GET endpoints for crawl and batch scrape paginate results (up to 10 MB per response). When more results are available, the response includes a next URL to fetch the next page.

Job Expiry

Jobs are stored in memory and expire after a configurable TTL (default 24 hours). Jobs are lost on server restart.

Configuration

Variable Default Description
SUPACRAWL_API_KEY unset Bearer token for authentication. When unset, auth is disabled
SUPACRAWL_API_HOST 0.0.0.0 Server bind address
SUPACRAWL_API_PORT 8308 Server bind port
SUPACRAWL_API_JOB_TTL 86400 Async job expiry in seconds (default 24 hours)
SUPACRAWL_API_MAX_JOBS 3 Maximum concurrent async jobs

Using with n8n

n8n has a built-in Firecrawl node. Point it at your local Supacrawl server:

  1. Install and start Supacrawl:

    pip install supacrawl[api]
    export SUPACRAWL_API_KEY=YOUR_KEY
    supacrawl serve
  2. In n8n, add a Firecrawl credential:

    • API Key: YOUR_KEY
    • API URL: http://localhost:8308
  3. Add a Firecrawl node to your workflow. It will use Supacrawl as its backend.
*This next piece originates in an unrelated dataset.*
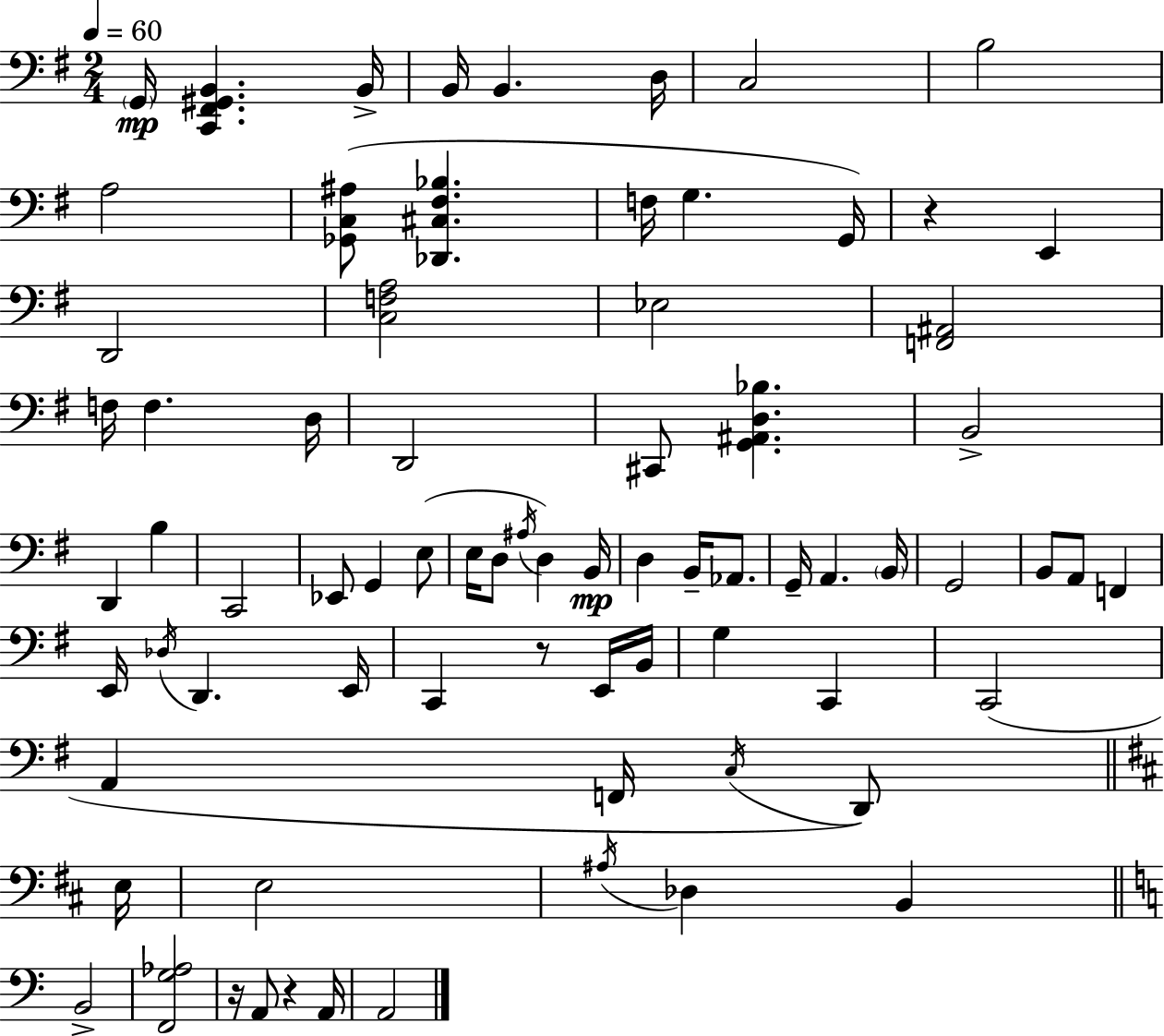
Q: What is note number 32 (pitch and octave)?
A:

n8n verifies credentials by calling GET /team/credit-usage. Supacrawl returns a valid response, so the credential test passes.

Error Responses

All errors use a consistent envelope:

{
  "success": false,
  "error": "Human-readable error message"
}

Status Codes

Code Meaning
200 Success
400 Bad request (invalid input). FastAPI's 422 validation errors are remapped to 400 with the standard error envelope
401 Missing or invalid API key
404 Job not found
429 Too many concurrent async jobs
500 Internal server error

Protocol Notes

  • The API accepts camelCase field names (matching the Firecrawl v2 protocol) and translates to snake_case internally.
  • Unsupported v2 fields are accepted silently and ignored. Clients do not need modification.
  • CORS is permissive (all origins) by default, suitable for local and homelab deployments.